1958 film by A. K. Velan

Thai Piranthal Vazhi Pirakkum (Note: Thai is a month in the Tamil calendar, and typically falls around January–February of the Gregorian calendar.) is a 1958 Indian Tamil-language satirical drama film, written directed and produced by A. K. Velan in his directorial debut. The film stars S. S. Rajendran and M. N. Rajam, with Prem Nazir, Rajasulochana and V. K. Ramasamy in supporting roles. Released on 14 January 1958, it emerged a major commercial success, and was remade in Telugu as Manchi Manasuku Manchi Rojulu (1958), in Hindi as Barkha (1959), and in Kannada as Rowdy Ranganna (1968).

== Plot ==

Chokkanathan is a greedy and money obsessed man. He dislikes Rangan as he supports farmers. Marudhi is Rangan's sister. Her marriage gets stopped and Rangan goes to jail because of Chokkanathan. The rest of the story is how Rangan achieves his revenge against Chokkanathan.

== Cast ==
- S. S. Rajendran as Rangan
- M. N. Rajam as Saradha
- Prem Nazir as Varadhan
- Rajasulochana as Marudhi
- V. K. Ramasamy as Chokkanathan
- K. N. Kamalam as Meenakshi
- P. S. Venkatachalam as Ekambaram

== Production ==
Thai Piranthal Vazhi Pirakkum was the directorial debut for the Tamil scholar A. K. Velan, who also produced and wrote it. This was Malayalam actor Prem Nazir's debut film in Tamil language. Cinematography was handled by V. Ramamoorthy, and the editing by V. B. Nadarajan.

== Soundtrack ==
Music by K. V. Mahadevan. The slow-paced lullaby "Mannukku Maram Baarama" attained popularity, as did the song "Amudhum Thaenum" (Raga: Mohanakalyani). The title track, written by Maruthakasi, is frequently played on Tamil television and radio channels on every Pongal occasion. "Aasaiyae Alaipolae" was recreated by Thaman S for Kanna Laddu Thinna Aasaiya (2013), with modified lyrics.

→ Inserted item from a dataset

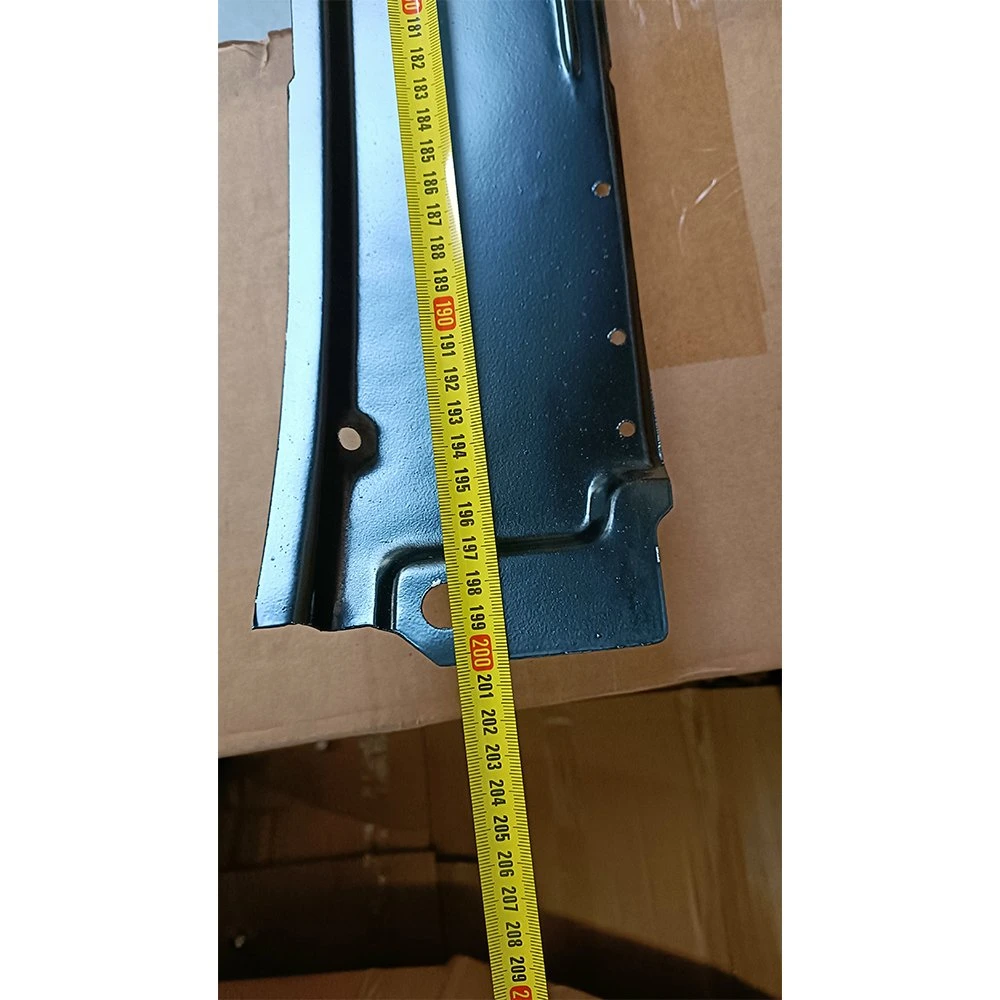 High Quality 62340-32z29 Truck Wiper Panel Wide 220cm Truck Spare Parts for Nissan Truck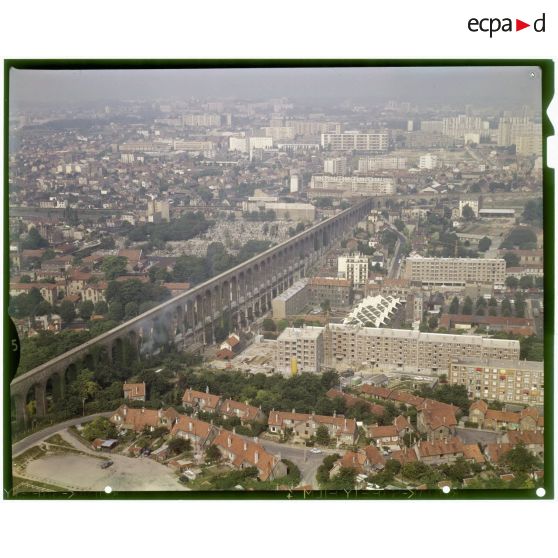 Arcueil-Cachan (94). Vue prise vers le sud et la partie ancienne de l'aqueduc.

| Songs | Singers | Lyrics | Length |
| "Thai Pirantha Vazhi Pirakkum" | T. M. Soundararajan, P. Leela, S. V. Ponnusamy & L. R. Eswari | A. Maruthakasi | 04:08 |
| "Sollattuma Sollattuma" | Seerkazhi Govindarajan & K. Jamuna Rani | 03:18 |
| "Nerangketta Nerathile...Nenachathu Onnu" | T. M. Soundararajan | 03:45 |
| "Pollaathor Soozhchi" | Seerkazhi Govindarajan |  |
| "Eliyorai Thazhthi" | T. M. Soundararajan & R. Balasaraswathi Devi | Ku. Sa. Krishnamoorthi | 02:47 |
| "Amudhum Thaenum" | Seerkazhi Govindarajan | Suratha | 03:57 |
| "Aasaiyae Alaipolae" | Thiruchi Loganathan | Kannadasan | 03:49 |
| "Kalam Sirithu" | K. Jamuna Rani | 03:04 |
| "Mannukku Maram Baarama" | M. S. Rajeswari | K. Muthuswamy | 02:59 |

== Release and reception ==

Thai Piranthal Vazhi Pirakkum was released on 14 January 1958, Pongal day. It was distributed in Madras by AVM Productions. Munuswamy and Manickam jointly reviewed the film for Ananda Vikatan. Munuswamy praised the film for its music and Velan's direction. The film became a commercial success, and was also successful upon rerelease after its first run. Velan built Arunachalam Studio from the profits earned in this film. It also propelled Rajasulochana to stardom. The film was remade in Telugu as Manchi Manasuku Manchi Rojulu (1958) and in Hindi as Barkha (1959).